**TASK DIRECTIONS**
Leave out all pictures. Extract exactly the lines from the one containing "METHOD OF ADVANCED" through the end of the data.

**COLLECTED MATERIAL**
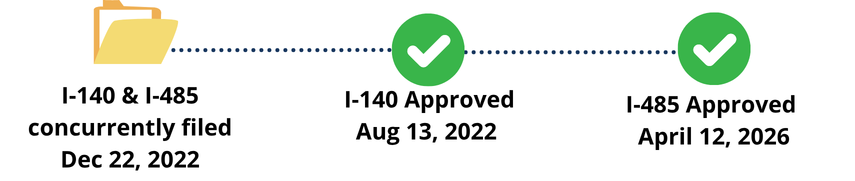  EB-3 Visa approval for Indian software engineer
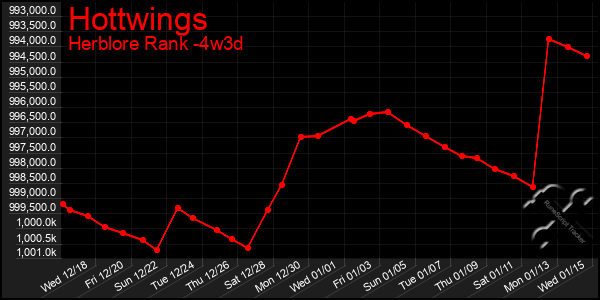 Last 31 Days Graph of Hottwings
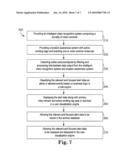 METHOD OF ADVANCED PERSON OR OBJECT RECOGNITION AND DETECTION diagram and image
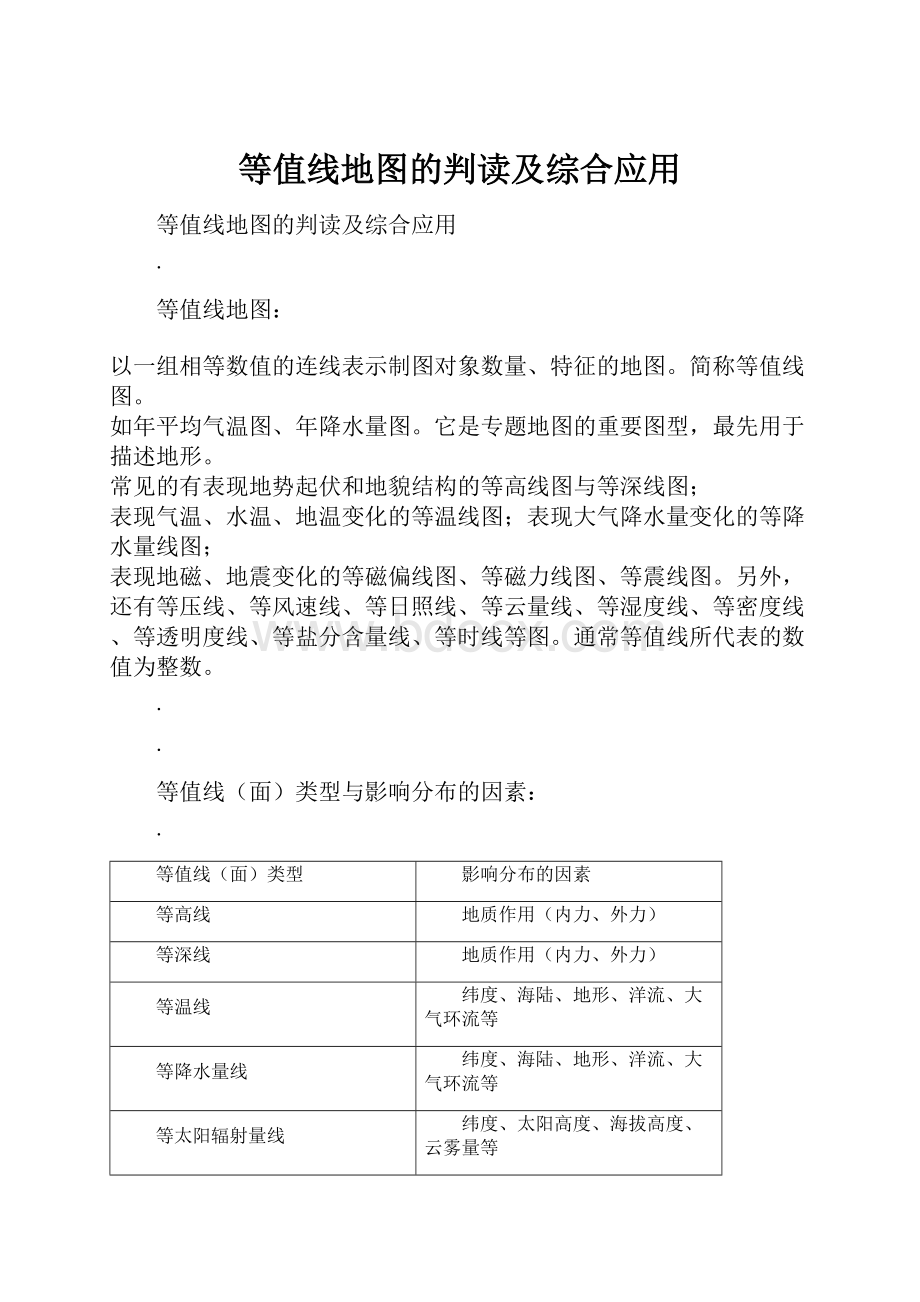 等值线地图的判读及综合应用Word文档格式.docx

**RESULT FOR THIS EXERCISE**
 METHOD OF ADVANCED PERSON OR OBJECT RECOGNITION AND DETECTION diagram and image
 等值线地图的判读及综合应用Word文档格式.docx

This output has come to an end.